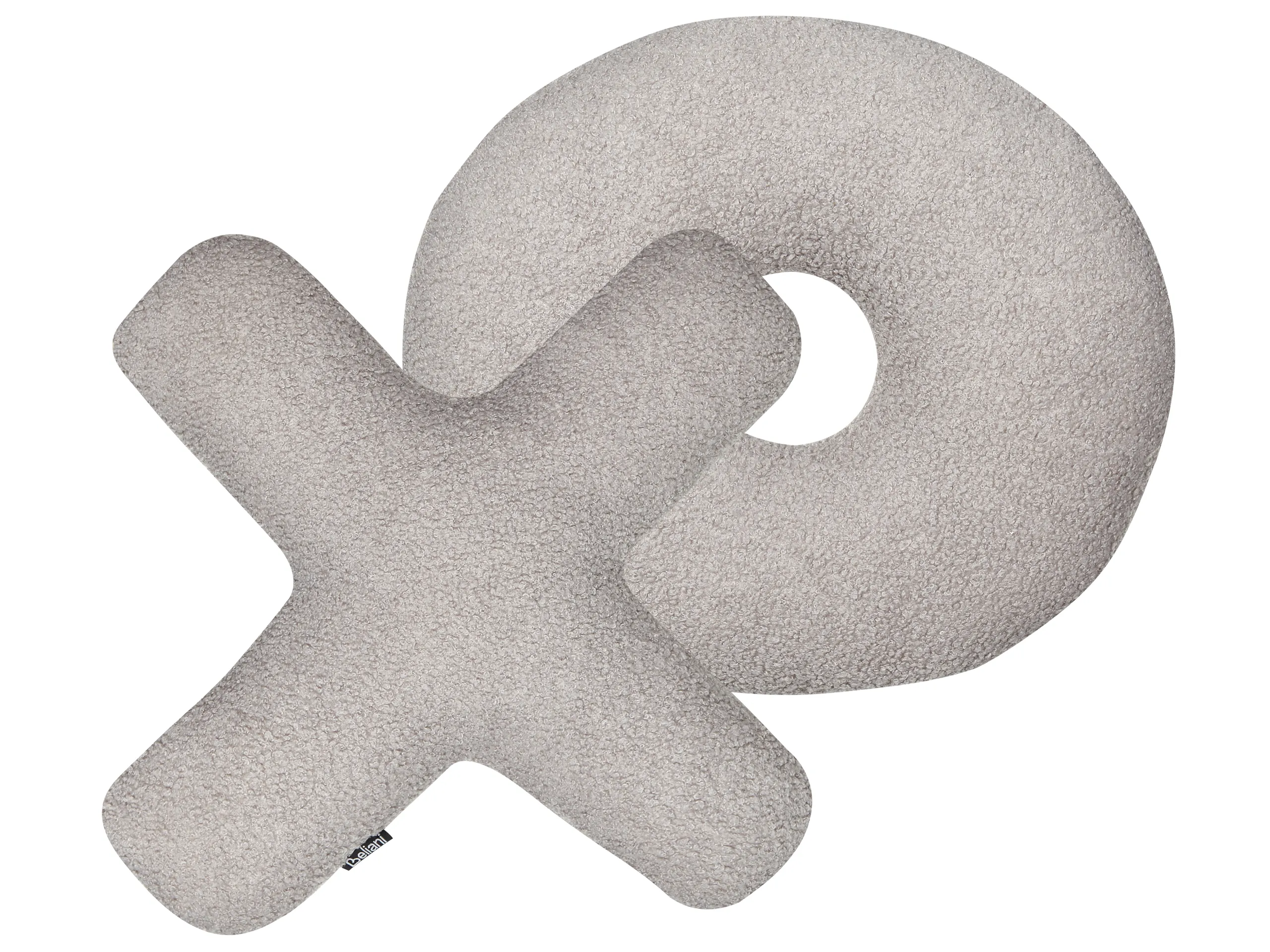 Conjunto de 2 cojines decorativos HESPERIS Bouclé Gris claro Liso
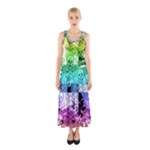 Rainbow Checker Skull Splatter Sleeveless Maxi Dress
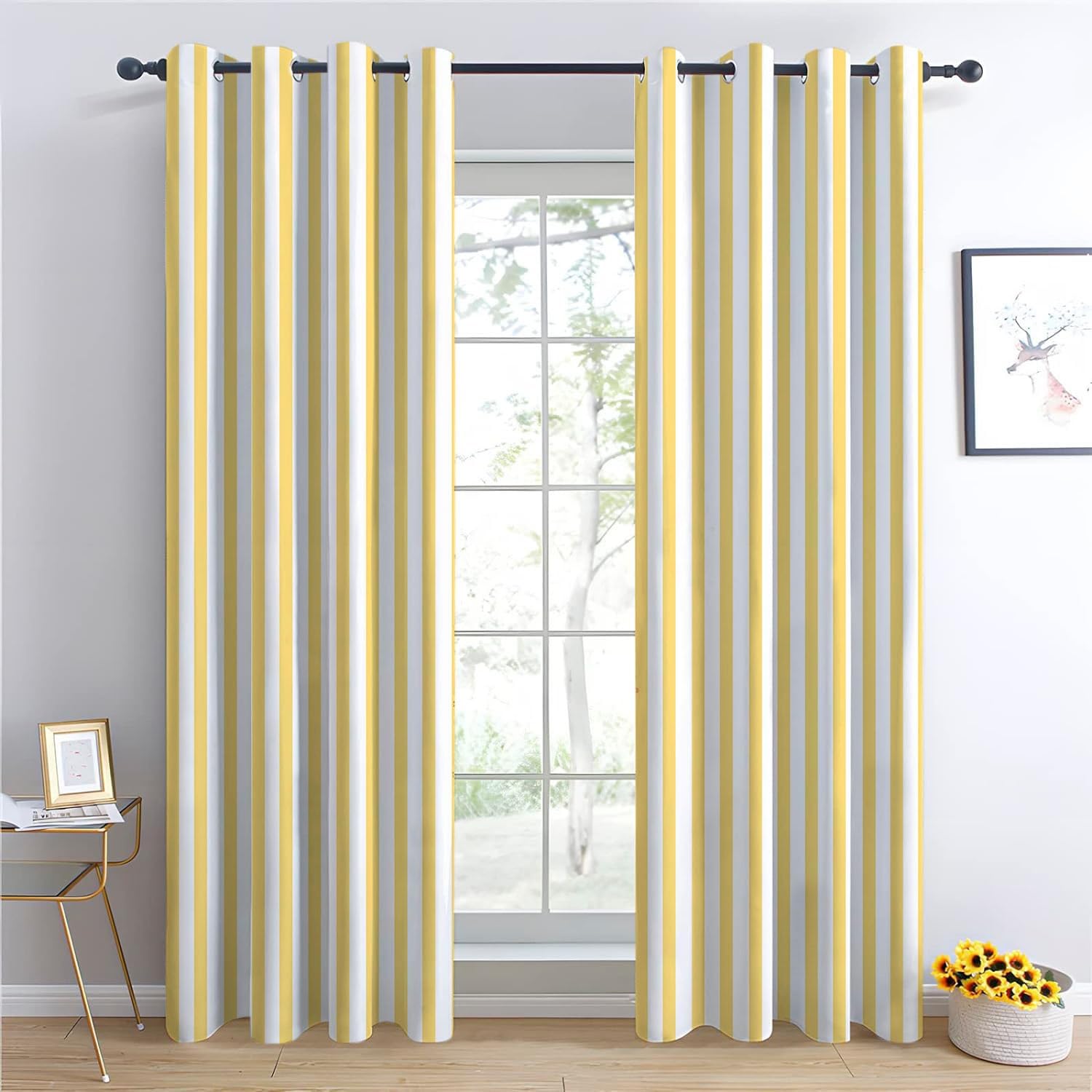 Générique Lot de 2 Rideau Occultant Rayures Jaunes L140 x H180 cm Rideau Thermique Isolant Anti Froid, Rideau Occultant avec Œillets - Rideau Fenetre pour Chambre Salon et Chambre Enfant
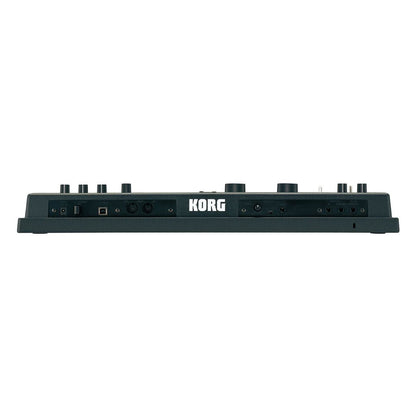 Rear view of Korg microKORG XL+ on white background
----
→ **EXERCISE GOAL**
Exactly as written, return every line of the listing, but not the pictures.

→ **SOLUTION FOR THIS EXERCISE**
 Conjunto de 2 cojines decorativos HESPERIS Bouclé Gris claro Liso
 Rainbow Checker Skull Splatter Sleeveless Maxi Dress
 Générique Lot de 2 Rideau Occultant Rayures Jaunes L140 x H180 cm Rideau Thermique Isolant Anti Froid, Rideau Occultant avec Œillets - Rideau Fenetre pour Chambre Salon et Chambre Enfant
 Rear view of Korg microKORG XL+ on white background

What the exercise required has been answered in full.